The LAT lead reports that the sweeping changes to utilities’ emissions regulations proposed yesterday by EPA administrator Christie Whitman are heavily favored by industry. Her plan to scrap a number of stringent regulations and replace them with a major expansion of pollution credit trading is deemed “a significant departure from the EPA’s traditional regulatory dictums.” The NYT front-page article on the same subject downplays the EPA’s proposed regulatory changes and instead focuses on a Senate movement spearheaded by Jim Jeffords to reduce carbon dioxide emissions.

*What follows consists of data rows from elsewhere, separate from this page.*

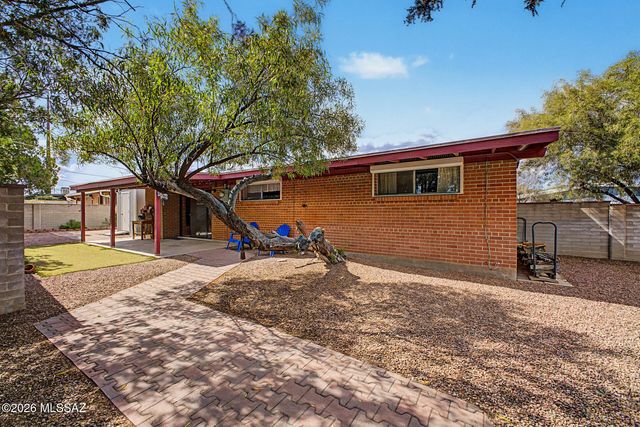 7118 E Eli Place, Tucson, AZ 85710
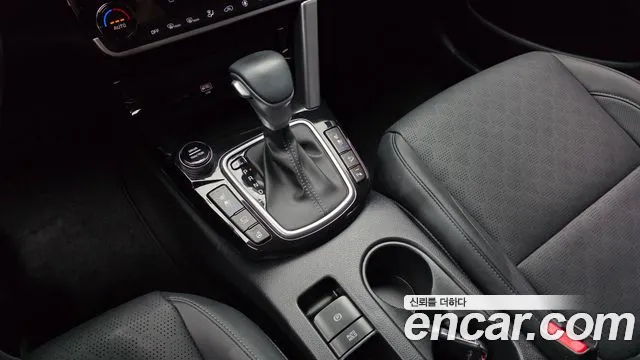 Kia Seltos — Фото автомобиля 9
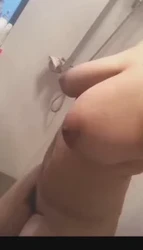 大胸妹子洗浴间自拍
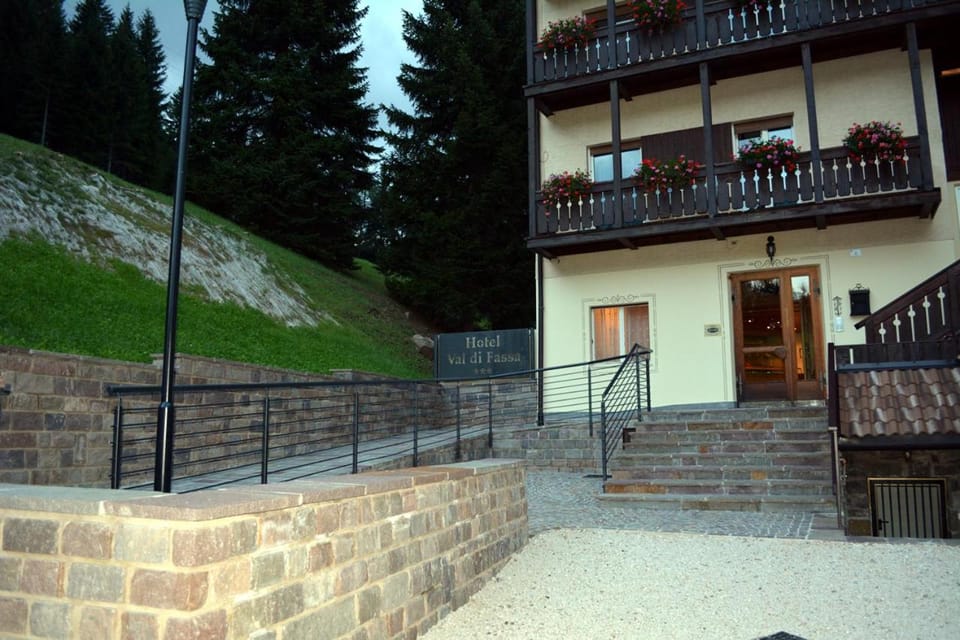 Facade/entrance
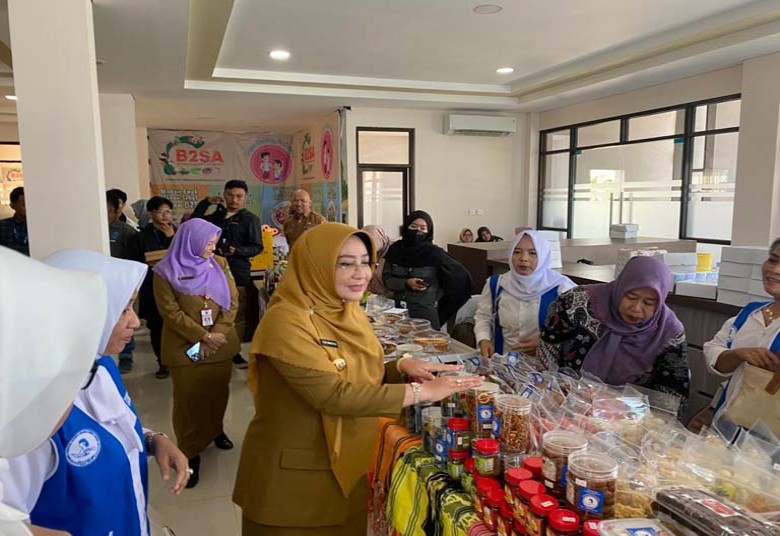 Bupati Sri Juniarsih Buka Festival Pangan Lokal Beragam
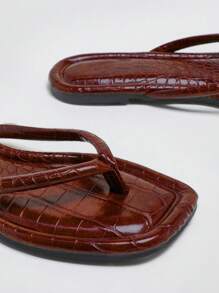 SHUZIA 女士舒适经典人字平底凉鞋 - 巧克力棕 - 查看 4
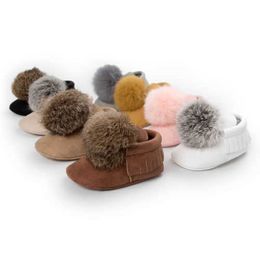 Peuter Kids Bont Haar Bal Winterlaarzen Antislip Prewalker Schoenen Pasgeboren Baby Meisje Jongen Infantil Warme Zachte Sole Booties Schoenen G1023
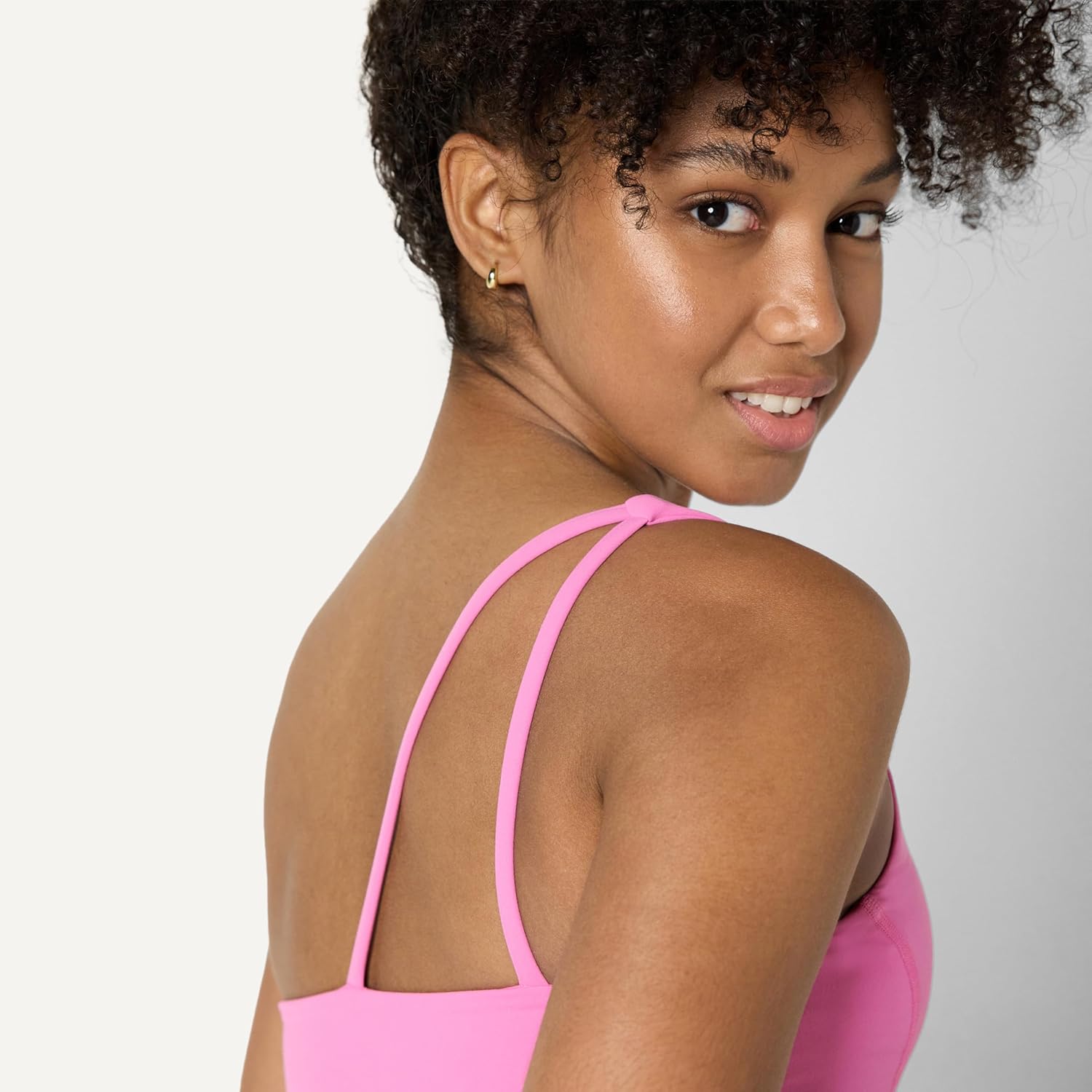 Thumbnail 3 de Amazon Essentials Damen Active FormFlex Sport-BH „Buttery Soft“ mit One-Shoulder-Trägern und Riemchenrücken (leicht stützend)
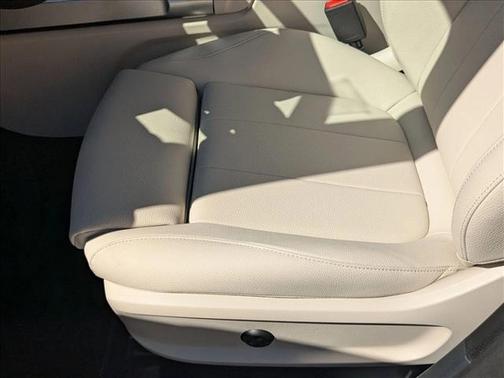 2026 Mercedes-Benz GLB 250 Base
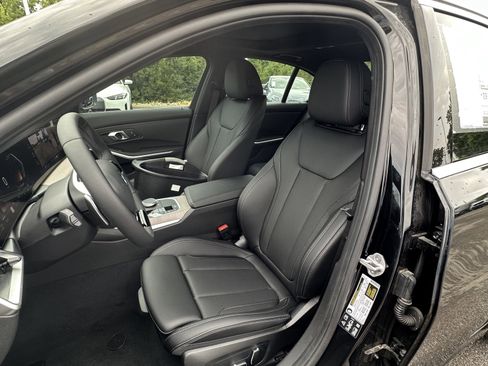 Used 2025 BMW 330i xDrive Sedan w/ Premium Package image 16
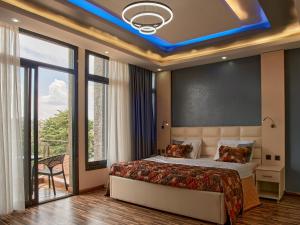 ein Schlafzimmer mit einem Bett mit blauer Decke in der Unterkunft Unique Apartment in Kigali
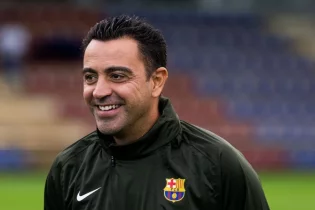 “Барселонаның” бұрыңғы бапкері Хави қай команданың тізгінін ұстауы мүмкін екені белгілі болды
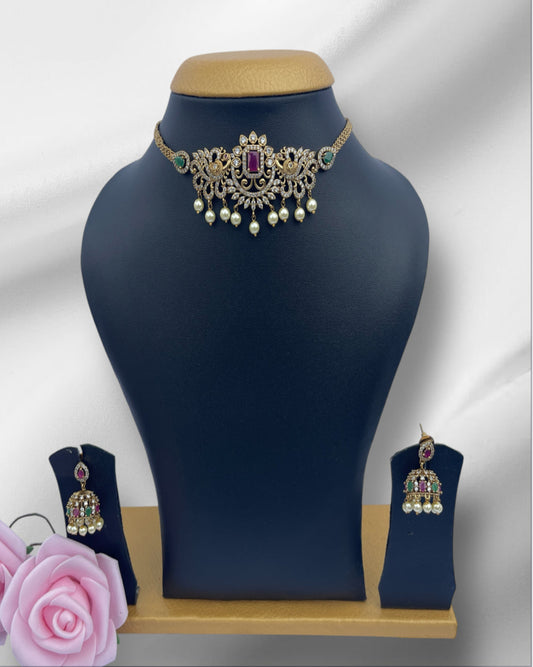 Majestic Green and Red Choker Set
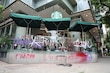 Manifestantes anti gentrificación agreden a comensales, transeúntes y destrozan negocios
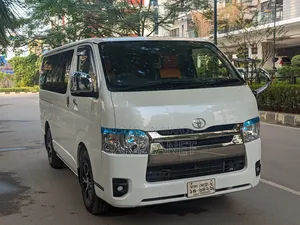 Toyota HiAce 2019 White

The NYT off-lead looks into the death last June of Ellen Roche, a 24-year-old volunteer in a Johns Hopkins asthma study. Roche’s death, which was apparently caused by a chemical she inhaled in the study, resulted in a temporary suspension of federal funding for Hopkins’ human research projects. The NYT concludes that her death was almost certainly caused by a failure of scientists and administrators to recognize that the experiment in which she was participating was unsafe. Without having to dig very far, the NYT unearthed papers referenced on the Internet that warn of the dangerous effects of hexamethonium, the chemical used in the experiment.

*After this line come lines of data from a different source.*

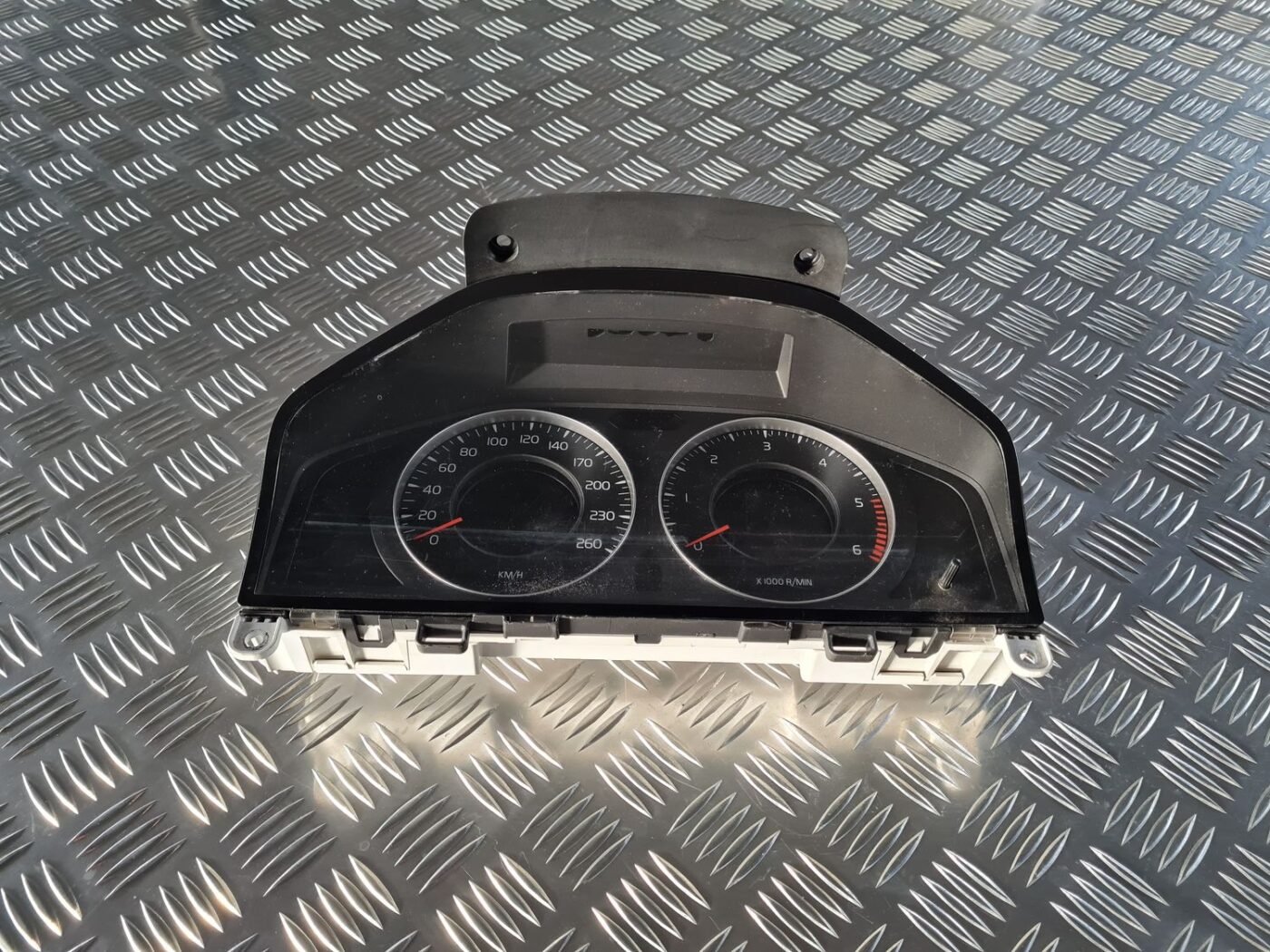 Spidometrs priekš VOLVO S80 2007 Black 1 Spidometrs priekš VOLVO S80 2007 Black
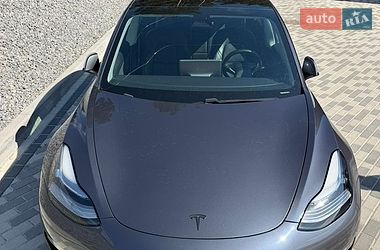 Седан Tesla Model 3 2020 в Львове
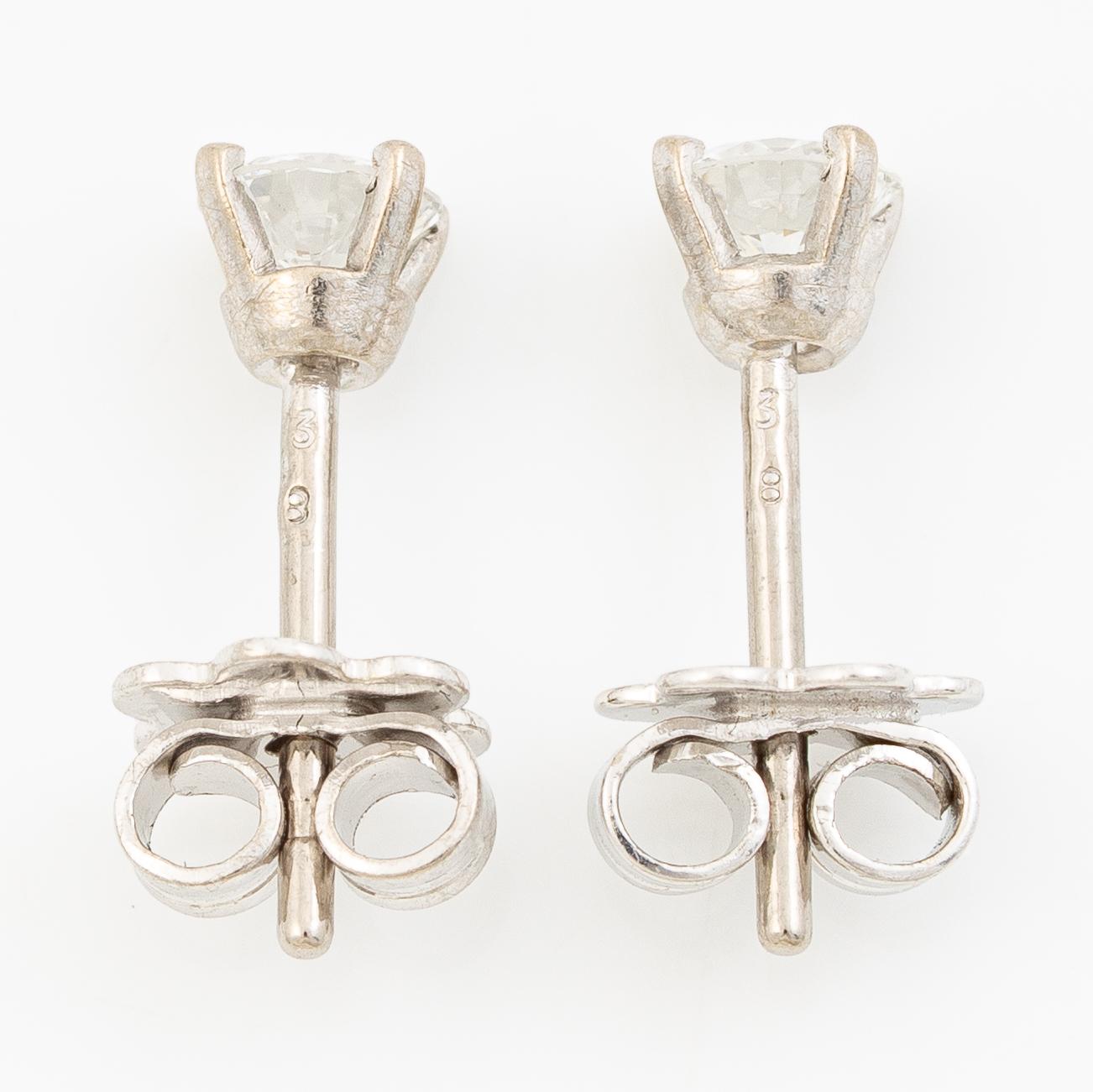 Earrings, Strömdahls, 18K white gold with round brilliant-cut diamonds, total approx. 0.38 ct.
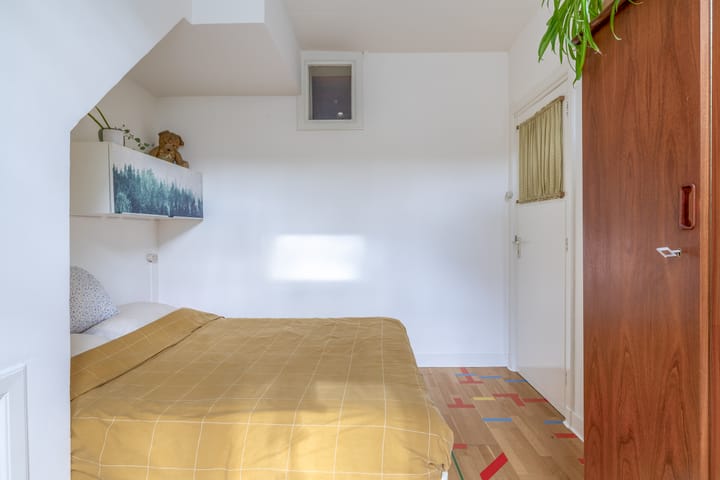 Foto 19 van Caan van Necklaan 197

The WP, NYT, and USAT all front (and the LAT stuffs) the return of the American University scholar who had been seized and jailed in China last February on espionage charges. Except to report that Gao Zhan has been reunited with her family, the papers don’t have much new to add to the story.

A WP front pager says the U.S. will skip an upcoming U.N. conference on racism unless two contentious issues are removed from the agenda. Current proposals to discuss Zionism as racism and reparations for slavery and colonialism have been deemed unacceptable by the Bush administration. Bush’s critics notice a pattern in the U.S.’s new unilateralism and urge the president not to disengage from these sorts of global conferences.

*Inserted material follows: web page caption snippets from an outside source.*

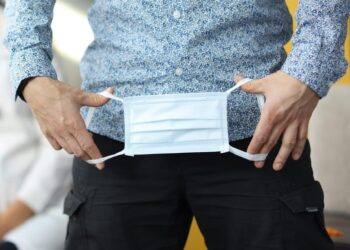 دراسة: فيروس كورونا يسبب الألم والضعف الجنسي وانخفاض عدد الحيوانات المنوية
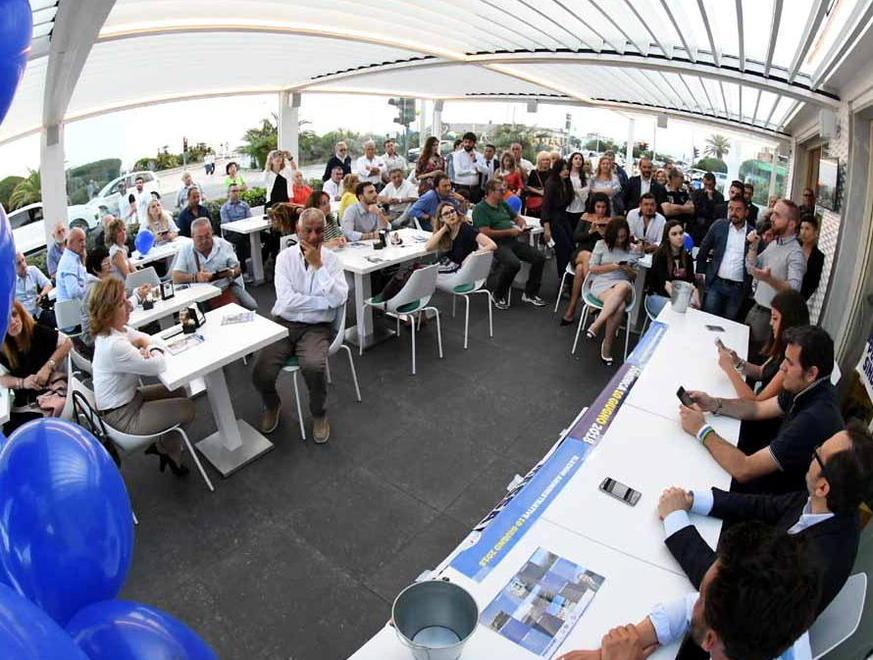 Centinaio (Lega): noi a fianco dei balneari 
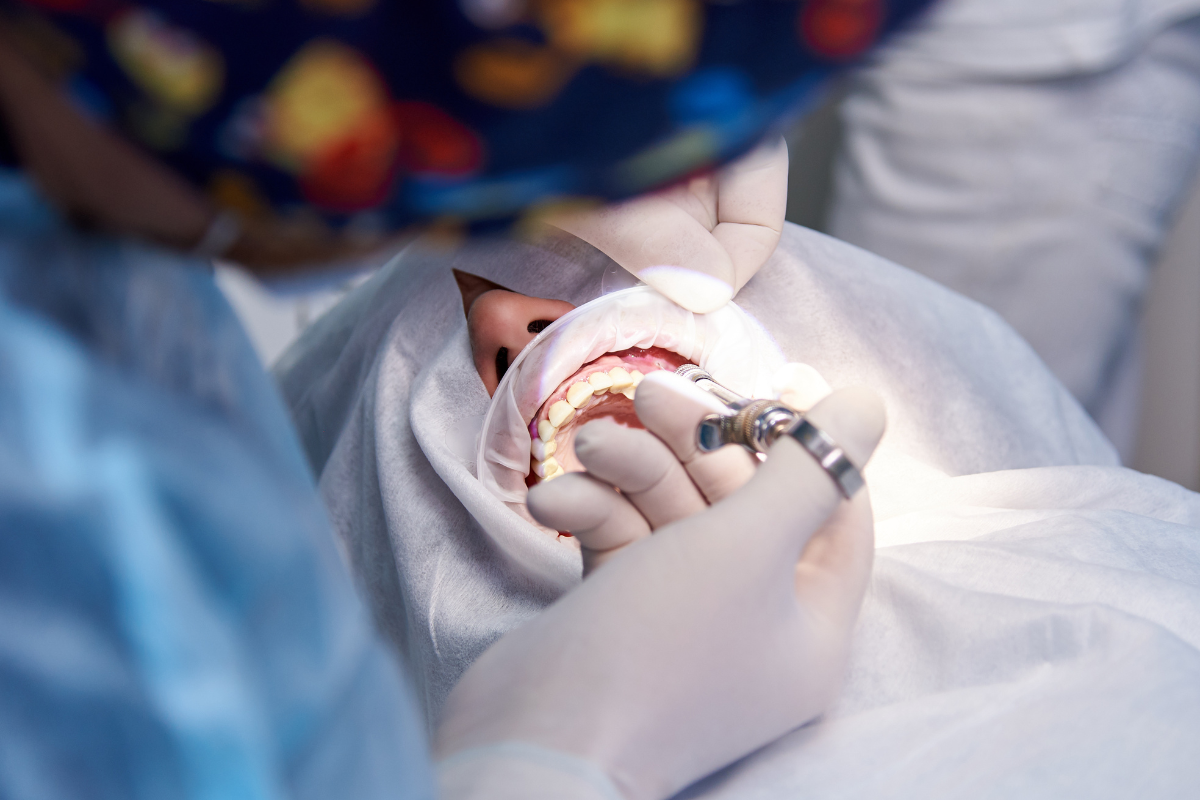 Featured image for “Can a Swollen Face or Gum Around a Tooth Be an Orthodontic Emergency?”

A front-page NYT article reports that JDS Uniphase, a manufacturer of fiber-optic parts, will be writing off an astounding $44.8 billion in losses. The news tops the Wall Street Journal’s “What’s News” in business and finance column, which also reports on quite a few other pieces of bad news in the technology sector, including major job cuts at Hewlett-Packard. The WP puts the JDS Uniphase news on the front of its “Business” section but oddly fails to mention that the company’s reported losses are believed to be the largest in history.

And finally, an article in the WP’s “Style” section takes us inside the weeklong annual convention of the interdenominational National United Church Ushers Association of America. Competitions between teams of six ushers test the precision of their synchronicity and how well they know the hand signals they use to communicate. Unfortunately the author decodes only a couple of the silent gesticulations that make these church ushers look like third base coaches. But we do now know this: Beware when ushers smooth their hair with both hands. That means there’s trouble afoot.